Problem description: The expected output is an exact copy of each line from the line with "1680600699249287.jpeg 二等獎 師娟娟(副圖).jpg" through the end of the data below, with no pictures in it.

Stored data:
◇ ◇ ◇

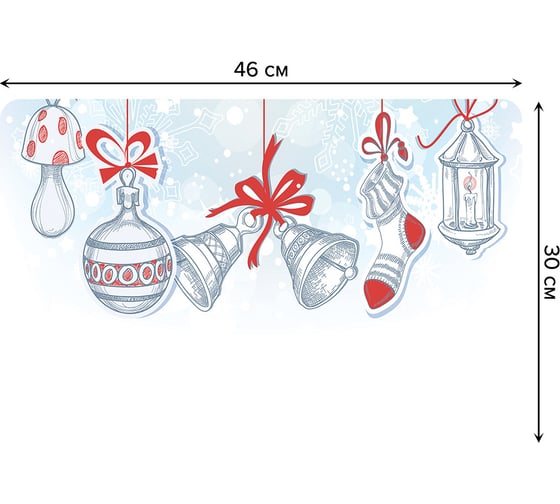 Изображение товара Набор прямоугольных тканевых салфеток для сервировки стола JOYARTY в каждом доме, плейсмат, 30x46 см, 4 шт. ser002_20071_30x46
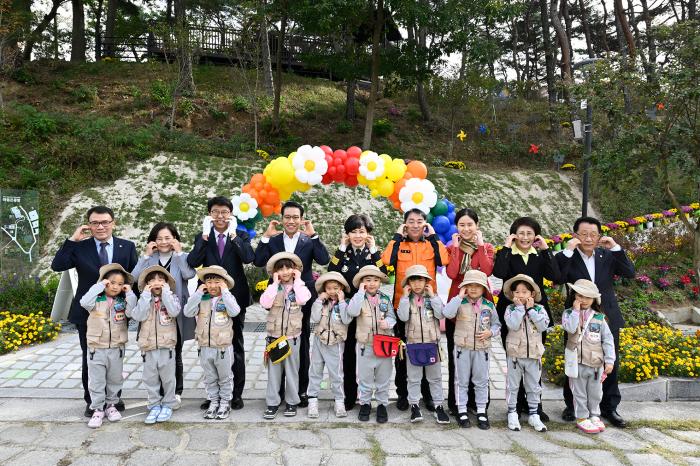 남원시립김병종미술관 생태놀이터 개장 기사 이미지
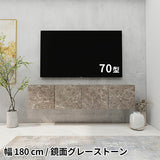 フロートテレビボード ウォールシェルフ | Mirai Float TV 1800 GS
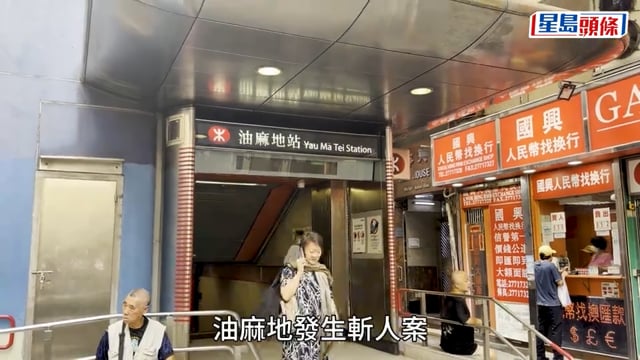 油麻地男子捱斬腳傷 逃至港鐵站外報案 警追緝兇徒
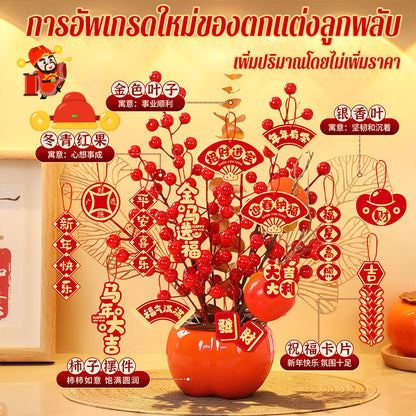 ของตกแต่งและบอนไซตั้งโต๊ะสำหรับเทศกาลตรุษจีนปี 2026 ปีม้า - 主图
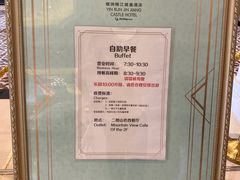 -山色西餐厅·银润锦江城堡酒店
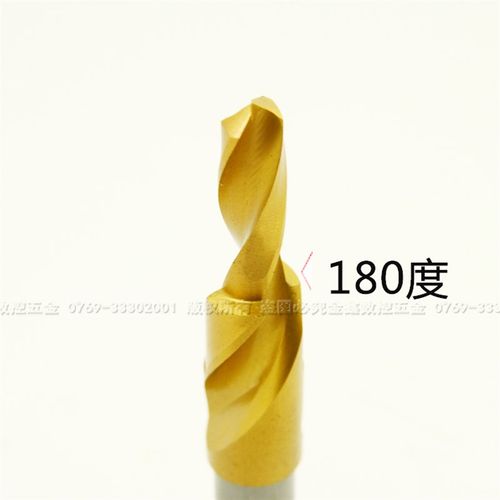 二级直柄阶梯钻/台阶钻头沉头钻不锈钢阶梯钻/含钴阶梯钻头M3-12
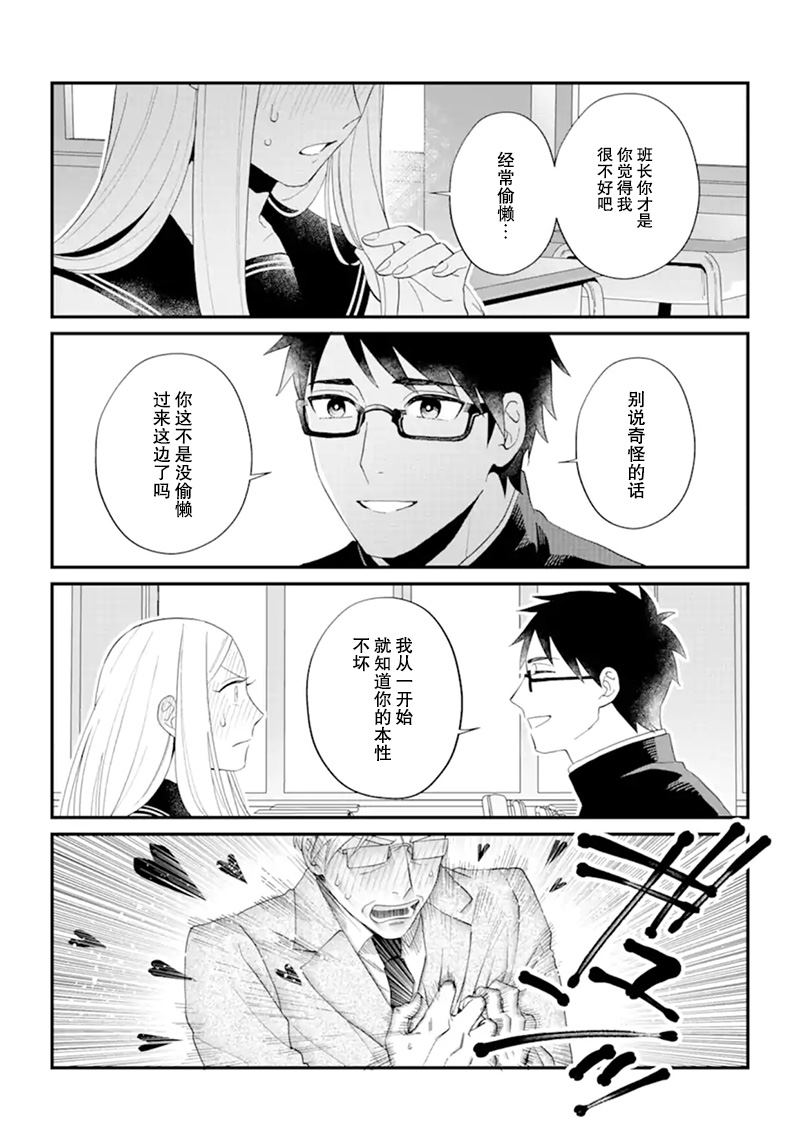 《青春的倾向与对策》漫画最新章节第1话免费下拉式在线观看章节第【12】张图片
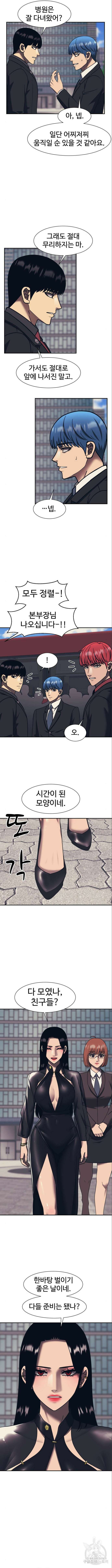 인자강 79화 3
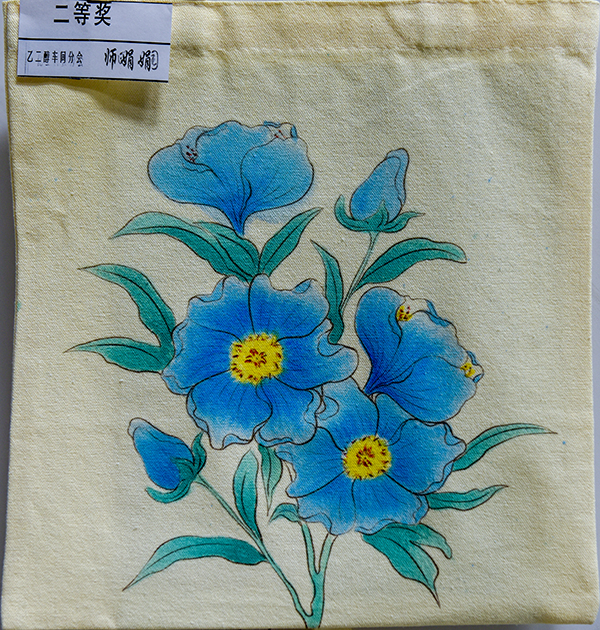 1680600699249287.jpeg 二等獎 師娟娟(副圖).jpg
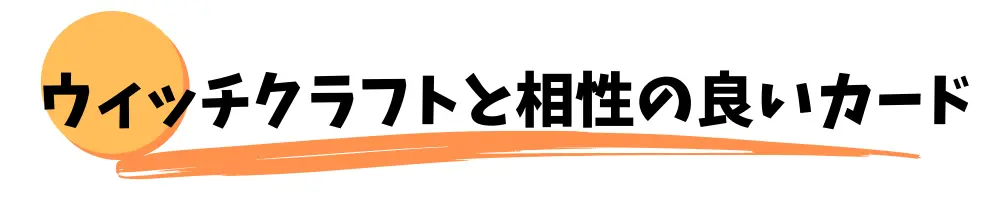 ウィッチクラフトと相性の良いカード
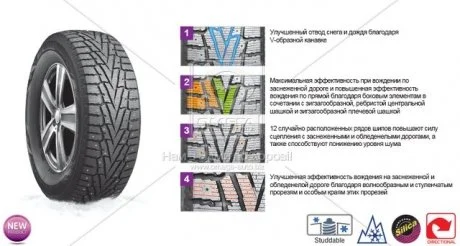 Шина 205/65R16C 107/105R Winguard WinSpike SUV (під шип) (Nexen) NEXEN 14037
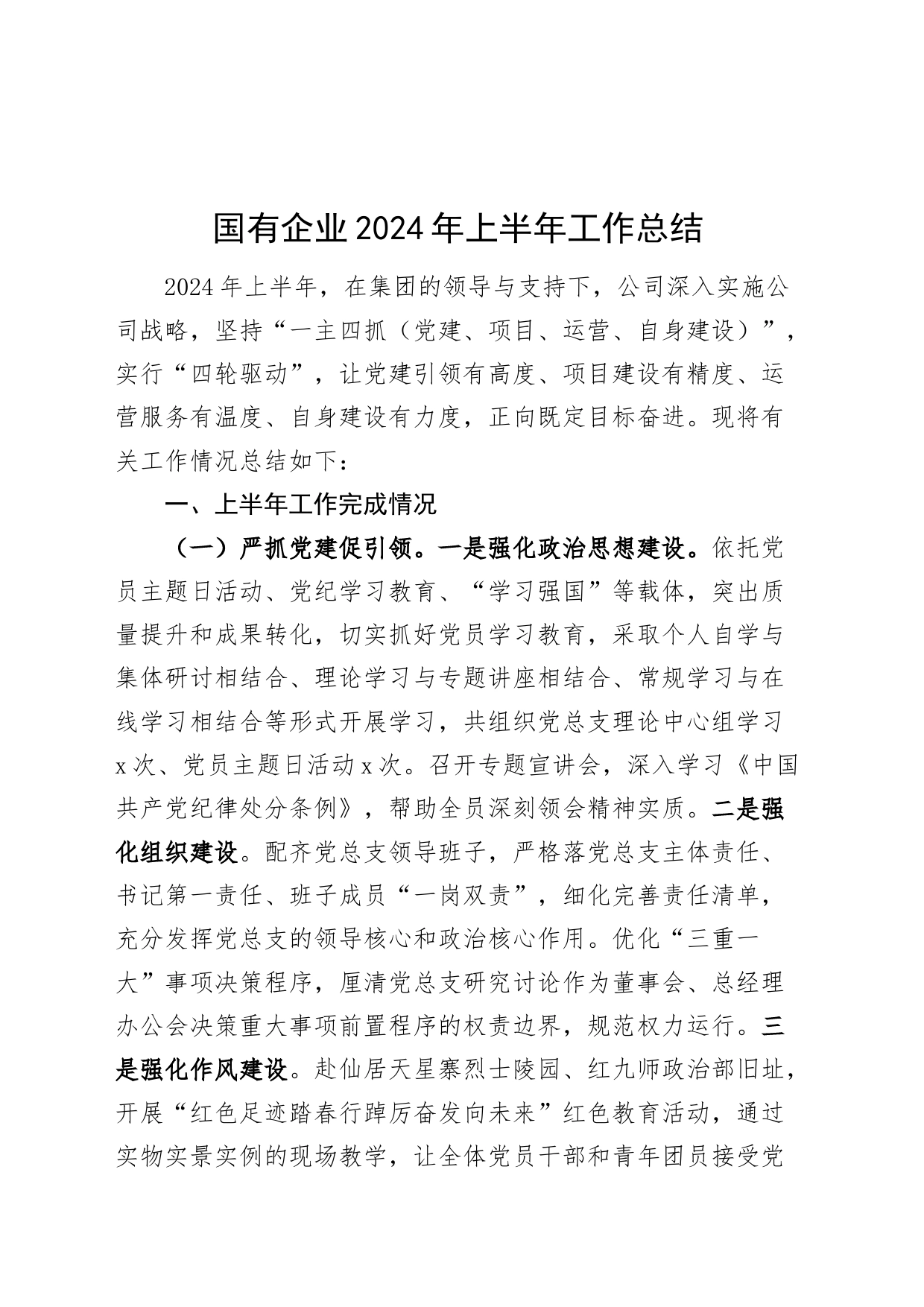2024年上半年工作总结公司全面汇报报告20240710_第1页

◇ ◇ ◇

Answer for this exercise:
 1680600699249287.jpeg 二等獎 師娟娟(副圖).jpg
 ウィッチクラフトと相性の良いカード
 Шина 205/65R16C 107/105R Winguard WinSpike SUV (під шип) (Nexen) NEXEN 14037
2024年上半年工作总结公司全面汇报报告20240710_第1页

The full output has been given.